Les piliers coniques UMUA qui les remplacent sont plus « universels »  avec un design et un plateau prothétique à 4,8mm identique à ceux qu’on retrouve dans d’autres firmes implantaires.  Vous pourrez donc avec cette panoplie de nouvelles coiffes coniques traiter prothétiquement un bridge transvissé qui aura été réalisé sur des piliers MUA du système Nobel-Biocare par exemple.
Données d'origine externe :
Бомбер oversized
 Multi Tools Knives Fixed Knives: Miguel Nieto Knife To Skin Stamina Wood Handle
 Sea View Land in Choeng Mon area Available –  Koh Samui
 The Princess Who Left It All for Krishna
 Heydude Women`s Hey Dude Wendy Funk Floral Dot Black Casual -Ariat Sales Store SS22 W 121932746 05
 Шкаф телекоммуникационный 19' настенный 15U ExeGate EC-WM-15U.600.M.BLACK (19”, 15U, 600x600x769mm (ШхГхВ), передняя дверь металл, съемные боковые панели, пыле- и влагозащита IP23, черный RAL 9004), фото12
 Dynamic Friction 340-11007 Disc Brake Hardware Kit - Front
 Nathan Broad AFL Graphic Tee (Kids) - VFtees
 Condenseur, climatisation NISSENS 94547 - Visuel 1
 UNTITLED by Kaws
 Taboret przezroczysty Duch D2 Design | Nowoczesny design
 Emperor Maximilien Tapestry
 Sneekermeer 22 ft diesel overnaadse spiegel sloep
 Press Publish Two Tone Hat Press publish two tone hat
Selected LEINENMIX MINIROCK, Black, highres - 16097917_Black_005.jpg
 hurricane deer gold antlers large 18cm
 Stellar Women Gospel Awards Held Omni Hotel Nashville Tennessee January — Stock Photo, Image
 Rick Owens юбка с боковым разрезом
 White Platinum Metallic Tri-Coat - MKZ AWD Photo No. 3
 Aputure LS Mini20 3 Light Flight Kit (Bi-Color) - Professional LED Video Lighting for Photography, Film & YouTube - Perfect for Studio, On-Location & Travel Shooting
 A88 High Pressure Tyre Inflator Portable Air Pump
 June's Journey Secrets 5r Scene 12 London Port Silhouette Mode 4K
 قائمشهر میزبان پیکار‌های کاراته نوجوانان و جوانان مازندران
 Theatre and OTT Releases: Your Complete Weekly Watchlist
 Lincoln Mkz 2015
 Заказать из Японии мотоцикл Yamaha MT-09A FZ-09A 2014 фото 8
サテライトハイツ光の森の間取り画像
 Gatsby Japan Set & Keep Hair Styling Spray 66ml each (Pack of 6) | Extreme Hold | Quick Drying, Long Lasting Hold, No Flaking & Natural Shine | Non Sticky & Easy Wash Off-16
Pages 12 et 13 du catalogue Gentek 2024

Voir aussi le catalogue : « Piliers universels multi-unit »

 

Ces coiffes pour piliers UMUA se présentent en fait actuellement en 2 versions :

  • une version dédiée aux nouveaux piliers coniques UMUA d’un plateau de 4,8mm page 12 du catalogue Gentek (figure 32d)
  • mais aussi une version dédiée aux « futurs anciens » piliers coniques TAC d’un plateau de 4,5mm page 13 du catalogue Gentek (figure 32e)

 

Fig 33d : Piliers Gentek pour Piliers coniques UMUA (plateforme prothétique 4,8mm) p12 du catalogue Gentek

 

 

Fig 33e : Piliers Gentek pour Piliers coniques TAC (plateforme prothétique 4,5mm) p13 du catalogue Gentek

 

Les piliers coniques TAC ne sont hélas pas cités dans ces catalogues (voir paragraphe d’introduction au début de l’article) et il faut vous référer :

  • pour les piliers coniques réf TAC au catalogue « Trabecular Metal and TSV » page 10 : « Screw-retained restaurations »
  • pour les nouveaux piliers coniques réf UMUA au catalogue : UMUA

 

En cas d’accès difficile pour le vissage

Quand un pilier conique placé postérieurement est d’accès difficile pour un tournevis droit, en cas de pose d’un pilier Ti-base Gentek compatible avec les piliers Multi-Unit, vous pouvez utiliser un tournevis hexalobulaire qui vous permettra un vissage plus facile avec un angle de 20 degrés :

Fig 34 : utilisation d’un tournevis hexalobulaire

 

II5 5/ Test de Sheffield

L’armature est mise en place sur les implants en bouche et les vis serrées d’abord légèrement à la main puis fortement selon le principe du test de Sheffield : visser d’un côté d’abord puis de l’autre côté.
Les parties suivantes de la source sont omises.